The cooler than normal spring temperatures will most likely delay normal emergence of leafy spurge flea beetles, which is a bio-control agent because their life cycle is based on growing degree days much like plants, explained Darrell Deneke, SDSU Extension IPM program coordinator.

"However, as our day time temperatures rise, the likelihood of adult flea beetle emergence also increases, so now is a good time to start watching for adult flea beetles," Deneke said.

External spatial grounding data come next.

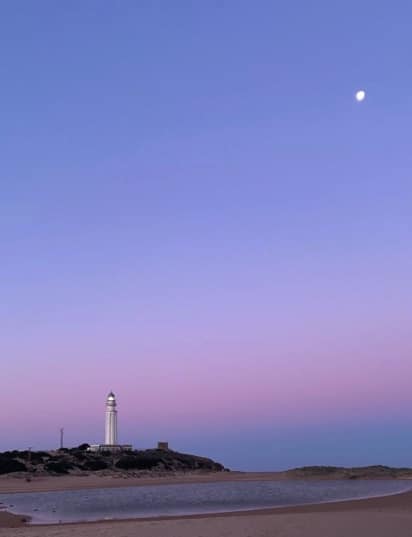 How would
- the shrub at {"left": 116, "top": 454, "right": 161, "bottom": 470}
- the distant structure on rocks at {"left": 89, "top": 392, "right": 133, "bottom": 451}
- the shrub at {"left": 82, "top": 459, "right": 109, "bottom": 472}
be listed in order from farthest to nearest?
the distant structure on rocks at {"left": 89, "top": 392, "right": 133, "bottom": 451} → the shrub at {"left": 116, "top": 454, "right": 161, "bottom": 470} → the shrub at {"left": 82, "top": 459, "right": 109, "bottom": 472}

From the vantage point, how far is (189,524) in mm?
22125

South Dakota has been using the leafy spurge flea beetle as a bio-control agent to manage the noxious weed, leafy spurge since the 1980s.

In the early years, Deneke said several species of the leafy spurge flea beetle were studied and released, but today two species are most commonly used. They include the black flea beetle, Aphthona lacertosa and the brown flea beetle, Aphthona nigriscutis.

"These two species of leafy spurge flea beetles have been very effective in the battle of managing leafy spurge infestation across the state," Deneke said. "This group of flea beetles is very host specific to the leafy spurge plant, which is why they make an ideal bio-control choice."

The flea beetles typically take three to five years to establish and impact leafy spurge infestations. The adult will do some plant feeding, but it is the larval form of the insect that causes the lethal injury to the leafy spurge plant. The newly hatched larvae will feed on the leafy spurge roots and root hairs ultimately affecting the plants ability to utilize water and nutrients. Deneke explained that this weakens the plant and makes it vulnerable to disease and winter survival.

The state of South Dakota has a program promoting the collection and distribution of leafy spurge flea beetles.

"Each year the South Dakota Department of Agriculture organizes leafy spurge collections around the state where land owners can help collect the flea beetles to be released on their leafy spurge infestations," Deneke said.